Work order: Exactly as written, output the lines below starting from the first and ending with the line that contains "All right, so"; omit pictures.

BEGIN Exercise inputs

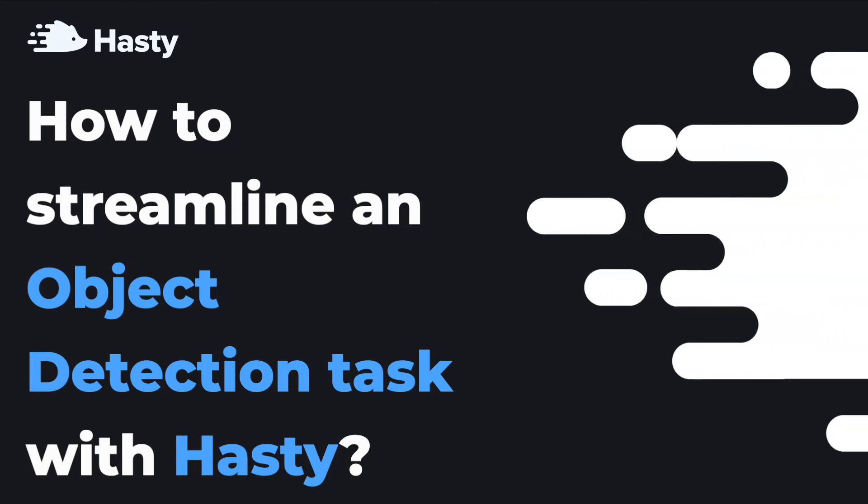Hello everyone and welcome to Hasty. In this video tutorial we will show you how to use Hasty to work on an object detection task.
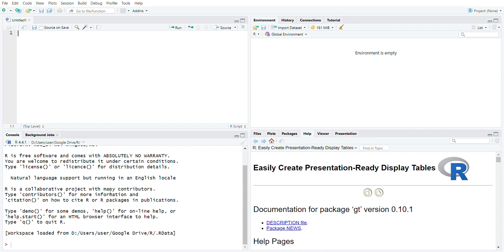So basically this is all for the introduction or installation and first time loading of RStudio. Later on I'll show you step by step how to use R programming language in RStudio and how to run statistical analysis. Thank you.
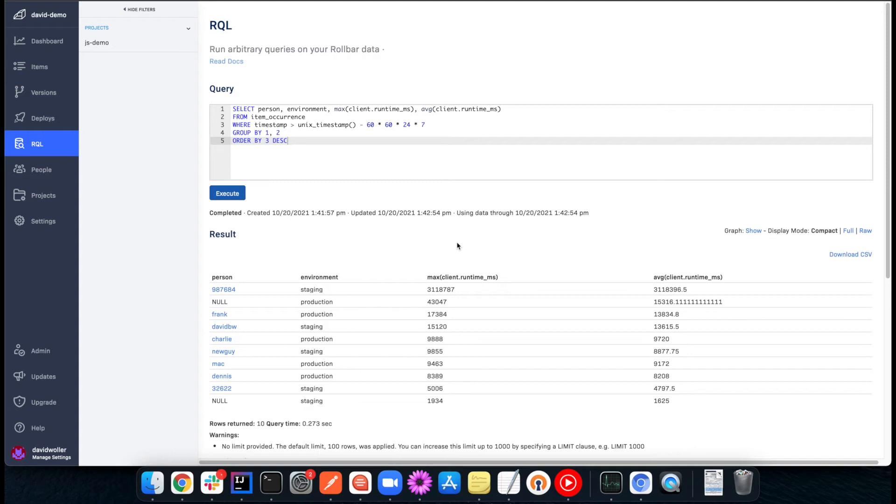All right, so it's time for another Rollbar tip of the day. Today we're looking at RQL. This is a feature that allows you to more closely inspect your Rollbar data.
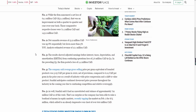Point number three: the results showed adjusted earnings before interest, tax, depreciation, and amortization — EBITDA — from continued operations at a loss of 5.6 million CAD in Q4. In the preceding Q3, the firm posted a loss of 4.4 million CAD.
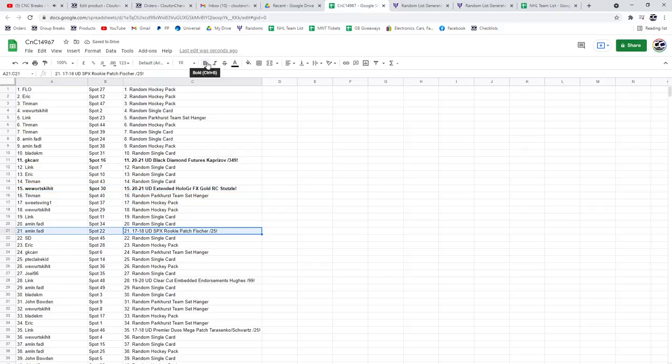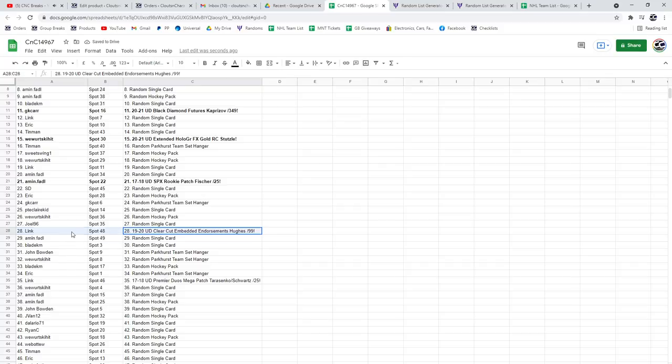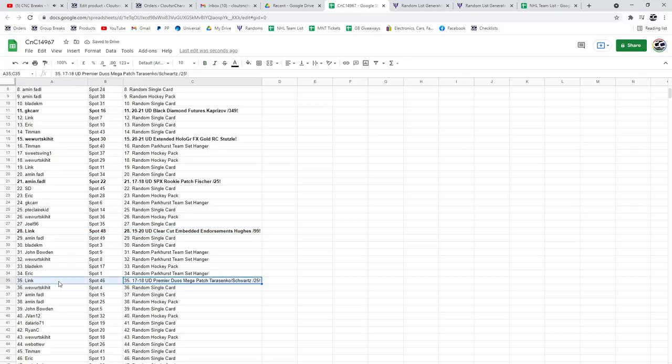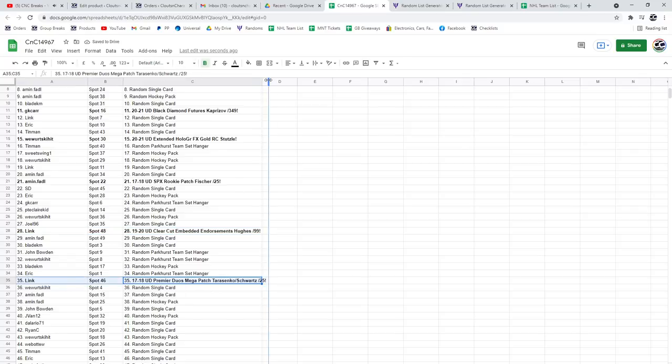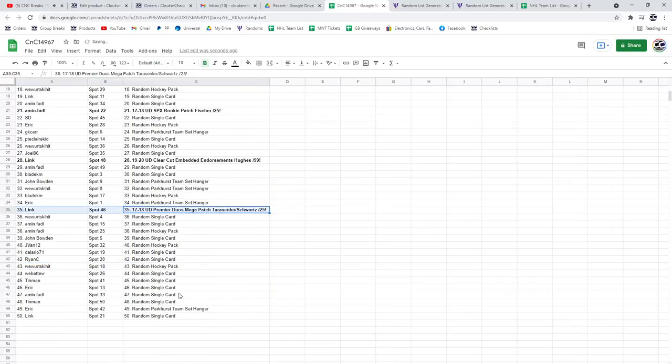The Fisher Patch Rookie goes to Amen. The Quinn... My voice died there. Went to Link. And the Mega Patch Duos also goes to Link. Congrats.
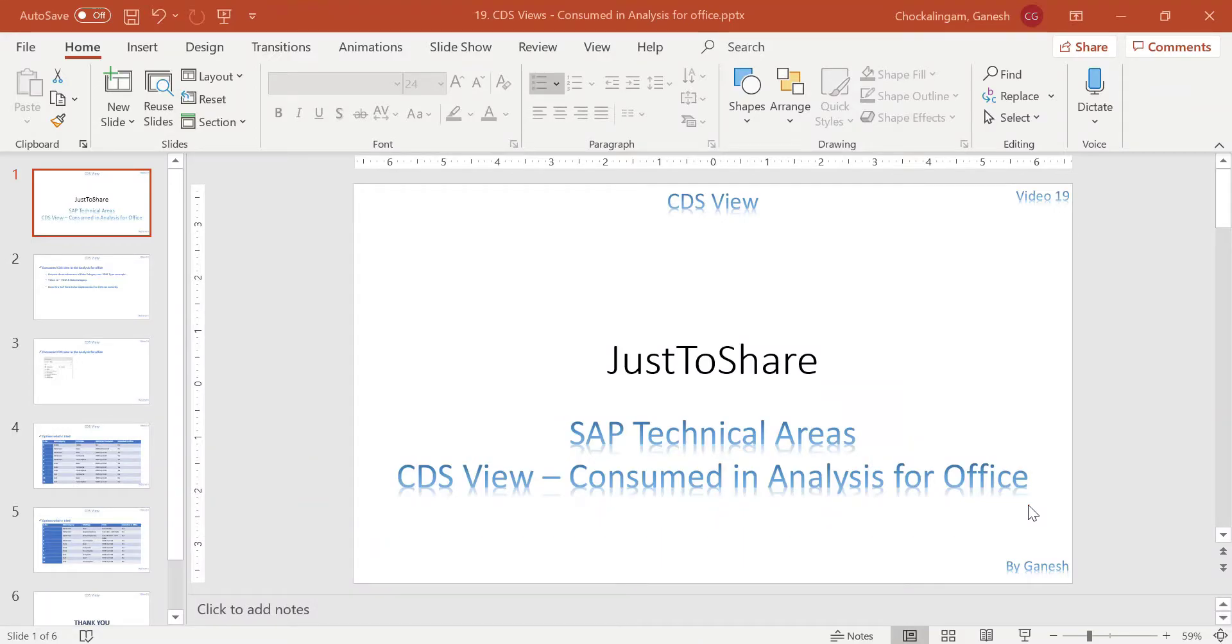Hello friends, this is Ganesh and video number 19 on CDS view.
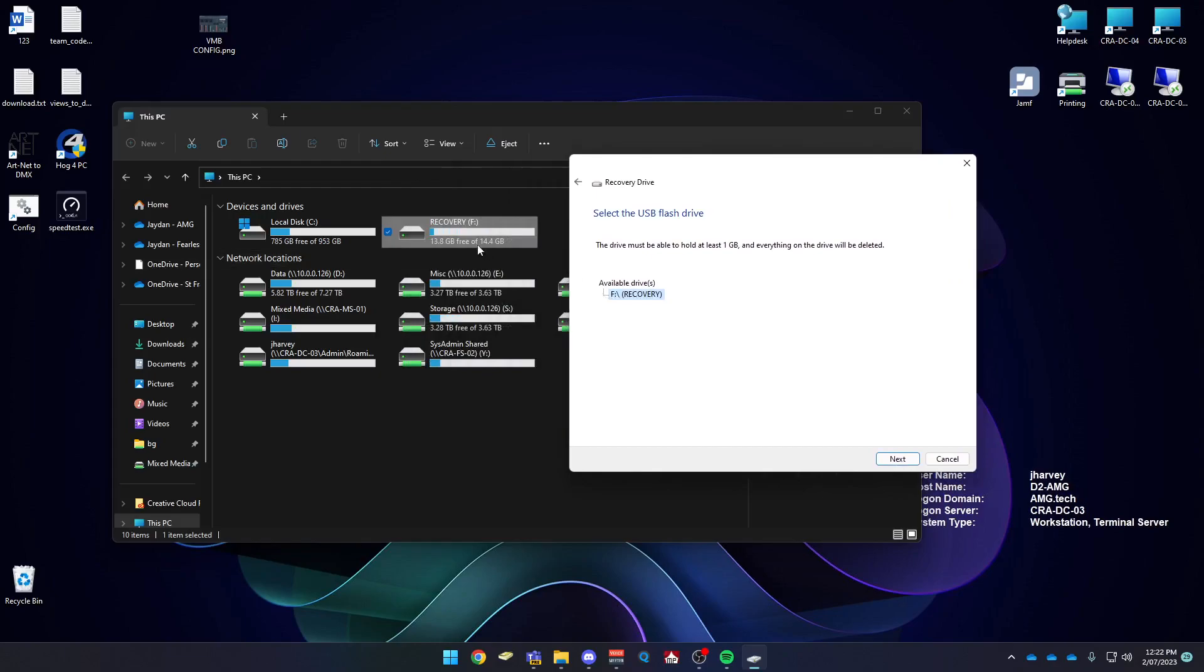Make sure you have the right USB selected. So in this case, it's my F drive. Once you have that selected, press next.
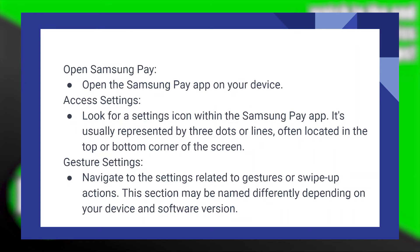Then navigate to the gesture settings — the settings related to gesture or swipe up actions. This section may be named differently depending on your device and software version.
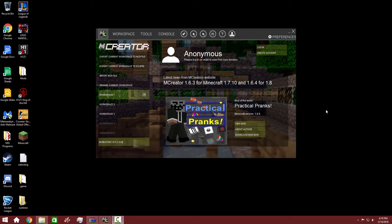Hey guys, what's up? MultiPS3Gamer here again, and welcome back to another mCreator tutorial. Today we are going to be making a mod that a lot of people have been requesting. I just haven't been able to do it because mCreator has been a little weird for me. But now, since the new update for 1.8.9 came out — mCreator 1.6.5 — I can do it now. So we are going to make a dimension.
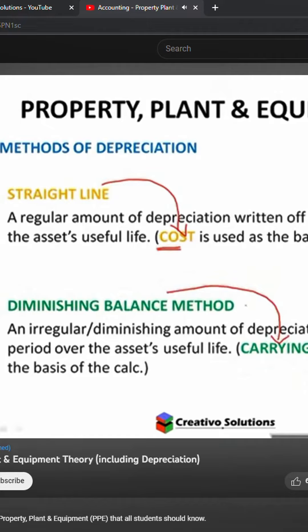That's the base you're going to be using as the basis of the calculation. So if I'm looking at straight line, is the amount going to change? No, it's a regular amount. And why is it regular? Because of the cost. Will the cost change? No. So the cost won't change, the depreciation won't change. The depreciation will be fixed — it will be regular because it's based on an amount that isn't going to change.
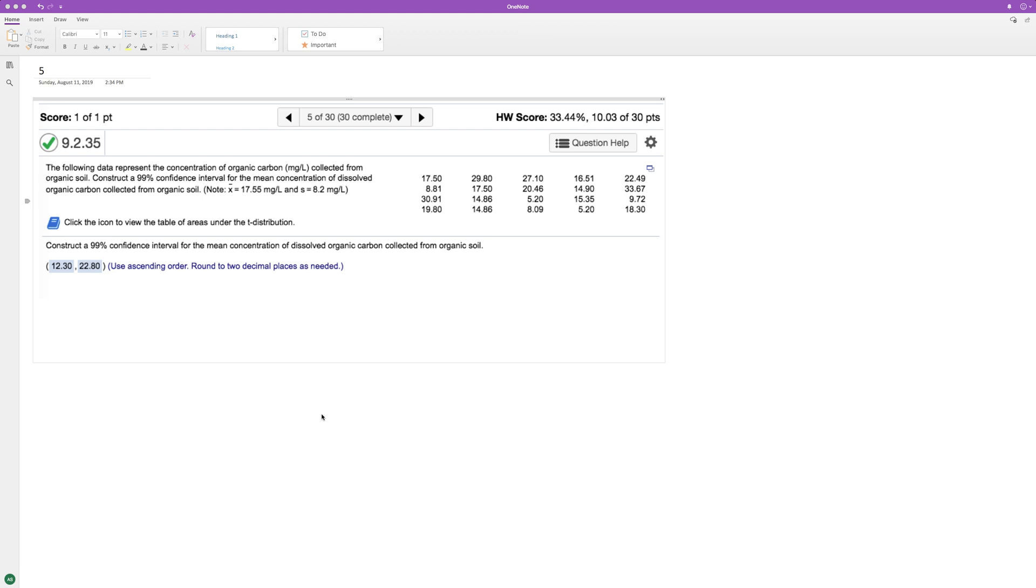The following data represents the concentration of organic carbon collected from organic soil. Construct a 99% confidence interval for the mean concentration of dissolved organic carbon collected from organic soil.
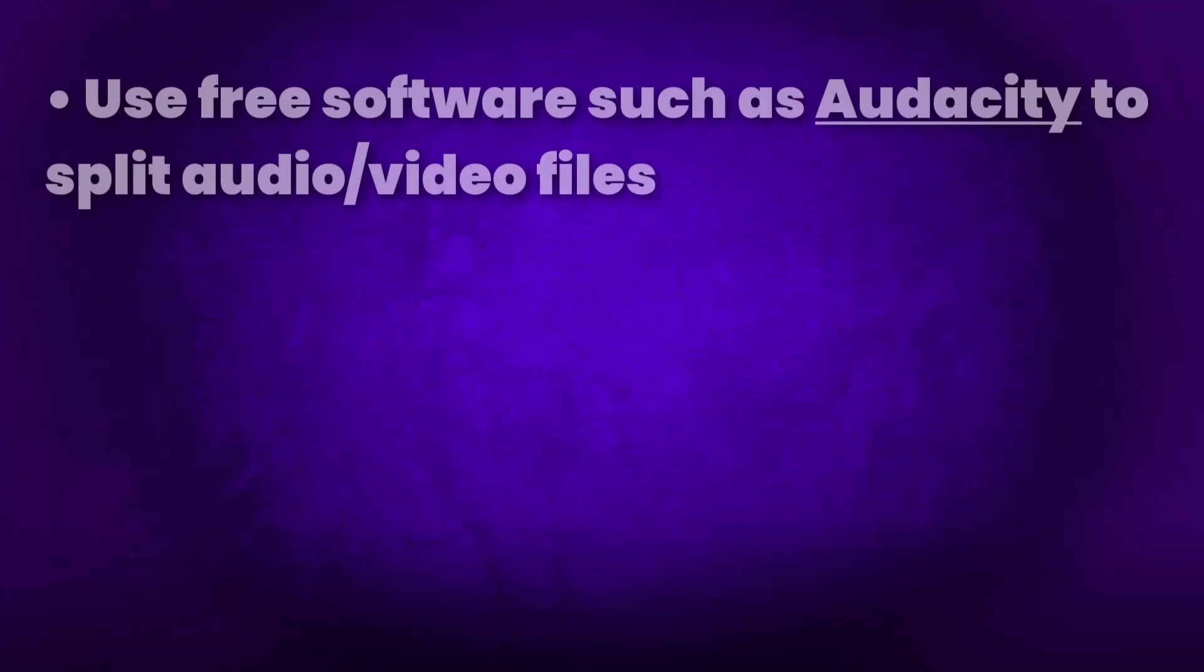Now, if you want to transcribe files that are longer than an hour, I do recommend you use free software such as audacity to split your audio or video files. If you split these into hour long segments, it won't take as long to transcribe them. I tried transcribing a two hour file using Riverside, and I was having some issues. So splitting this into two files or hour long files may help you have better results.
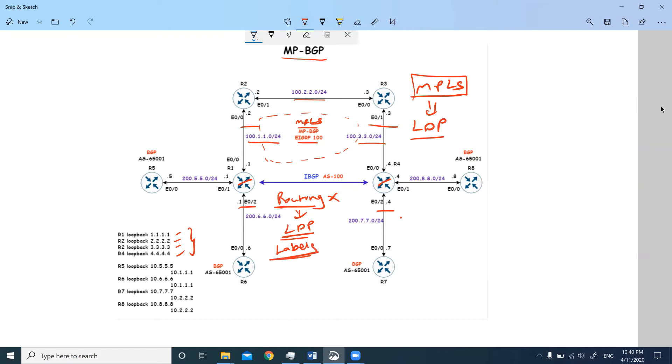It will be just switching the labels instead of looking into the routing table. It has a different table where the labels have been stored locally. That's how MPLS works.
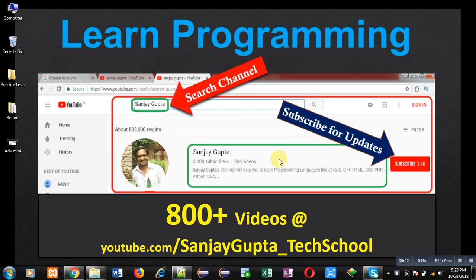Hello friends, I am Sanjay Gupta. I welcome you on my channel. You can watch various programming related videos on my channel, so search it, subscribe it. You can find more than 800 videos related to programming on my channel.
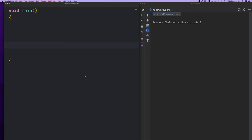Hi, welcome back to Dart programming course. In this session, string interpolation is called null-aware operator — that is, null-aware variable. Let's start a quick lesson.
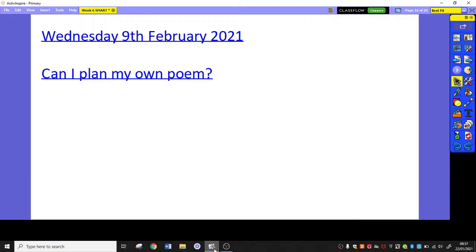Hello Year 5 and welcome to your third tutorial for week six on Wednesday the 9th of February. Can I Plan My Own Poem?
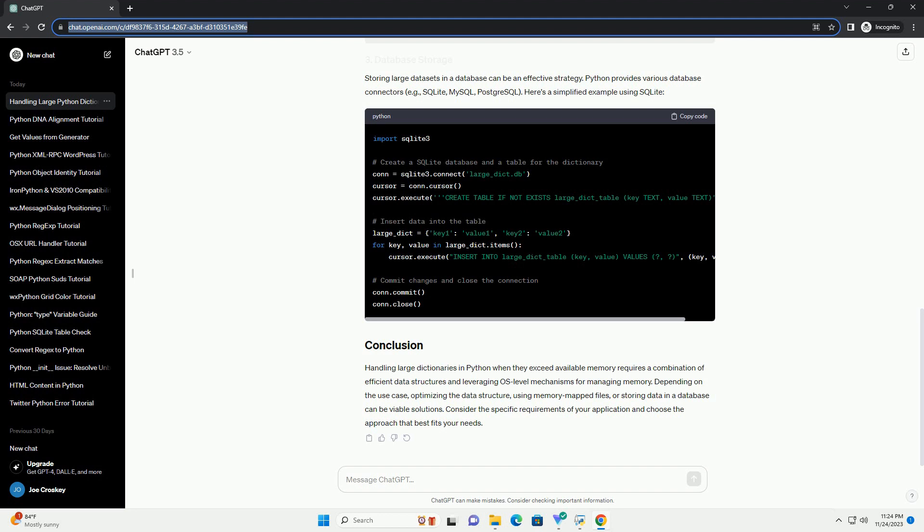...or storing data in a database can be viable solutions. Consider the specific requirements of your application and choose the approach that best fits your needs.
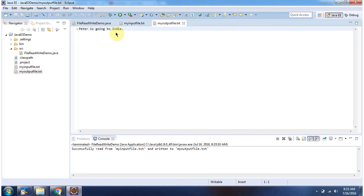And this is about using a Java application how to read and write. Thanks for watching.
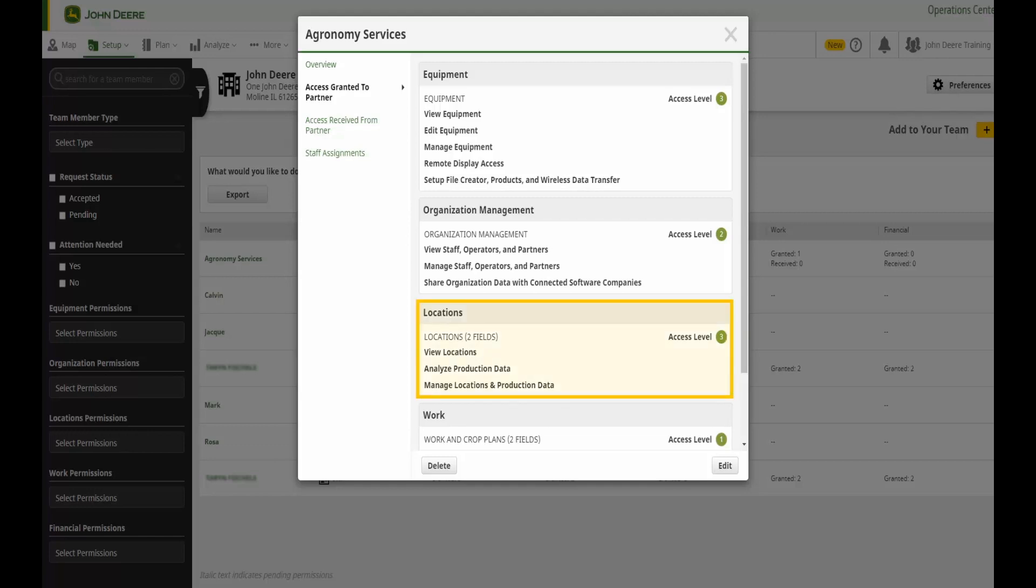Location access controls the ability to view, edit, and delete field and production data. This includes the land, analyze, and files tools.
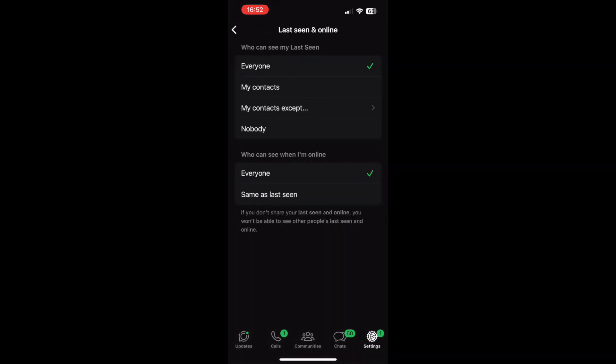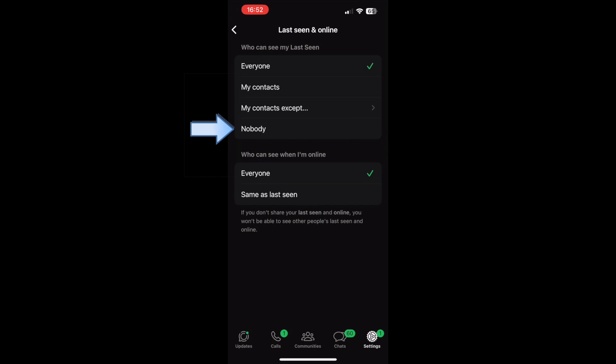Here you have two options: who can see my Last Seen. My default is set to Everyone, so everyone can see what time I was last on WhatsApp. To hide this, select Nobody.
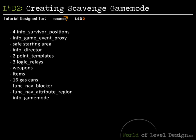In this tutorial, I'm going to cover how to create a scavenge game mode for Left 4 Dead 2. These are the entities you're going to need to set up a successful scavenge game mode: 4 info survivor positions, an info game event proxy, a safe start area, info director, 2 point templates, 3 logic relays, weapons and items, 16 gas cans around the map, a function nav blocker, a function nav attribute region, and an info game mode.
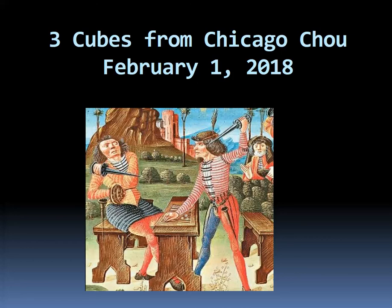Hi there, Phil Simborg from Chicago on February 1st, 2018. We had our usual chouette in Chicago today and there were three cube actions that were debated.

END Exercise inputs

Answer section:
Hello everyone and welcome to Hasty. In this video tutorial we will show you how to use Hasty to work on an object detection task.
So basically this is all for the introduction or installation and first time loading of RStudio. Later on I'll show you step by step how to use R programming language in RStudio and how to run statistical analysis. Thank you.
All right, so it's time for another Rollbar tip of the day. Today we're looking at RQL. This is a feature that allows you to more closely inspect your Rollbar data.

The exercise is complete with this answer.